#### [Exercise instructions]
Return each record verbatim, images excluded.

#### [Given entries]
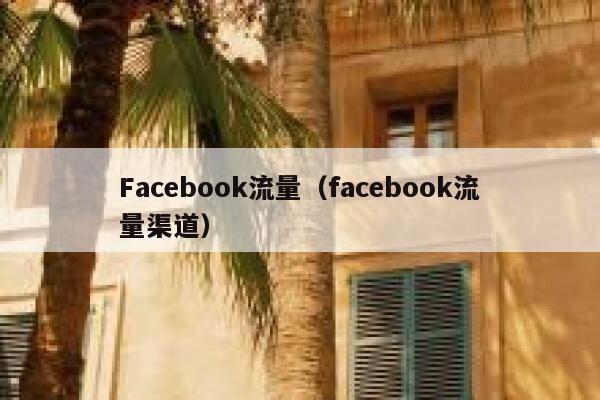 Facebook流量（facebook流量渠道） 第1张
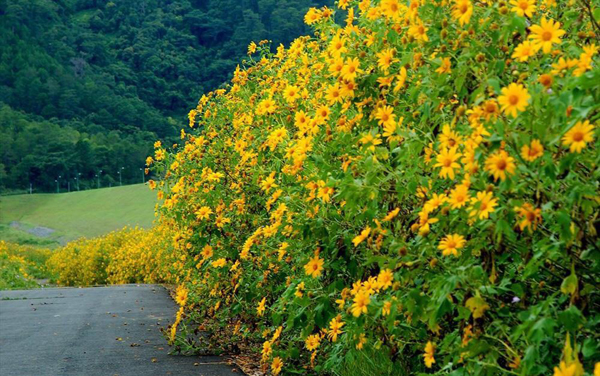 Tiết thu nắng đẹp, chị em đừng bở lỡ 3 điểm vui chơi ngoại thành Hà Nội đảm bảo đủ tiêu chí &quot;ngon bổ rẻ&quot; - Ảnh 8.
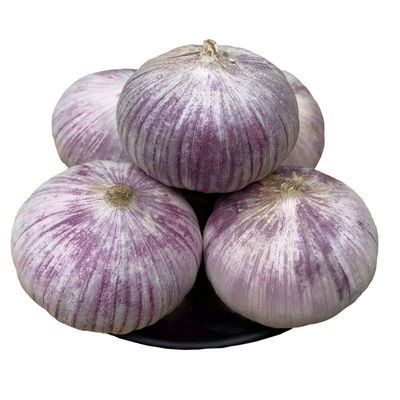 2026年新鲜紫皮独头蒜现挖湿蒜头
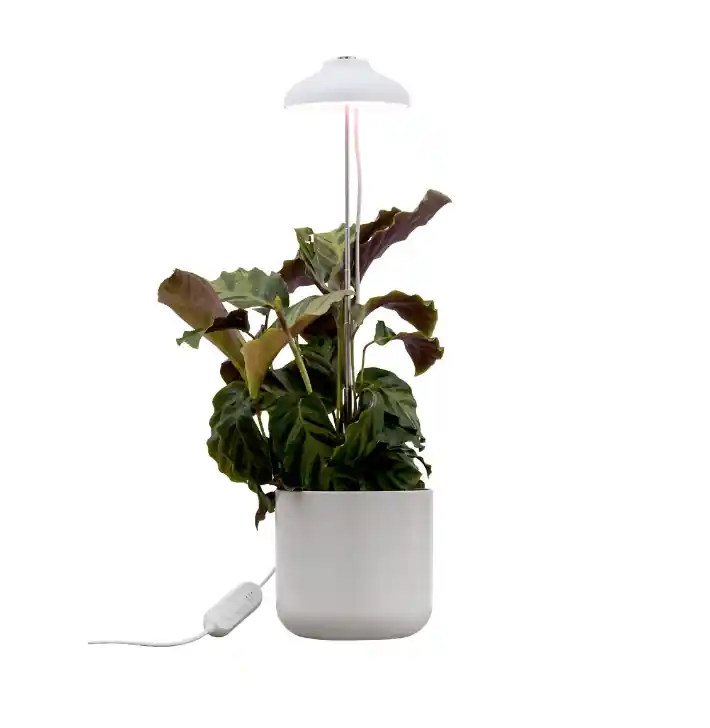 Lampe Pour Plantes Iris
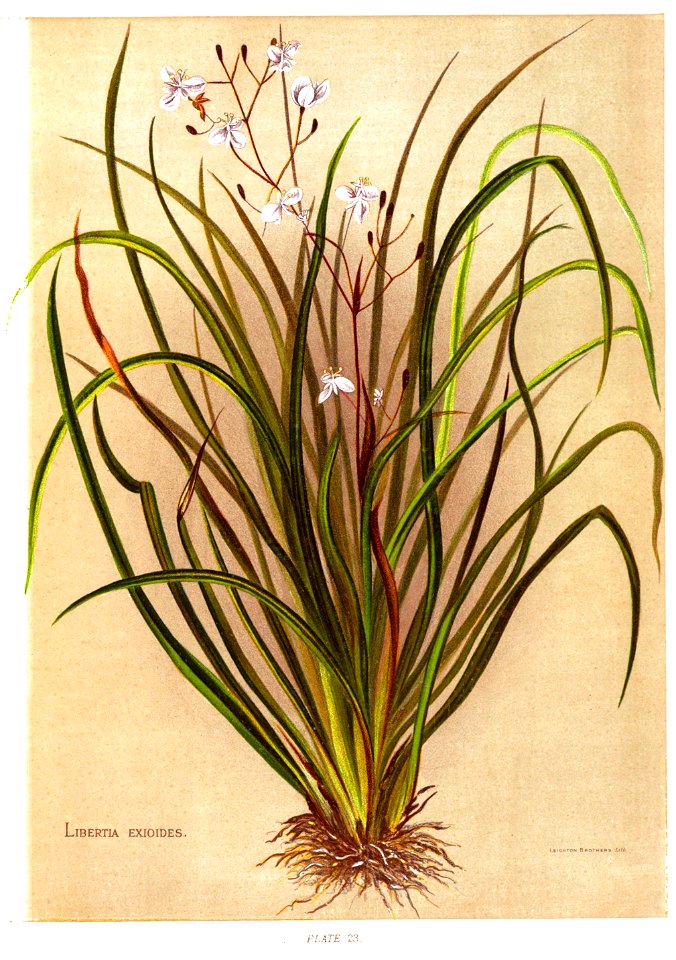 Nfnz d151 libertia exioides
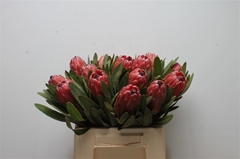 Protea Red Ice 40cm
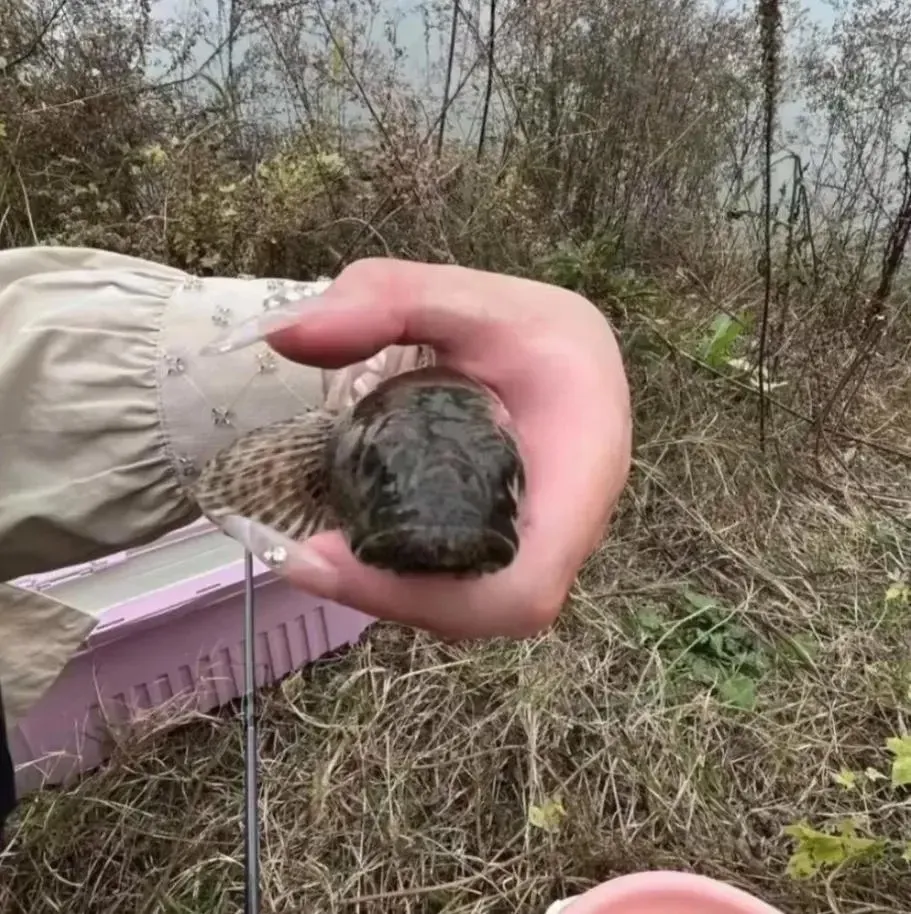 刚刚抓到的，有谁知道这是什么鱼吗[捂脸]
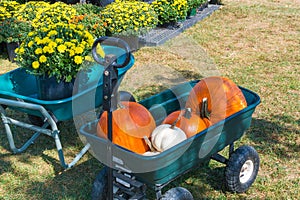 Cart with colorful pumpkins at pumpkin patch.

#### [Result of the exercise]
 Facebook流量（facebook流量渠道） 第1张
 Tiết thu nắng đẹp, chị em đừng bở lỡ 3 điểm vui chơi ngoại thành Hà Nội đảm bảo đủ tiêu chí &quot;ngon bổ rẻ&quot; - Ảnh 8.
 2026年新鲜紫皮独头蒜现挖湿蒜头
 Lampe Pour Plantes Iris
 Nfnz d151 libertia exioides
 Protea Red Ice 40cm
 刚刚抓到的，有谁知道这是什么鱼吗[捂脸]
 Cart with colorful pumpkins at pumpkin patch.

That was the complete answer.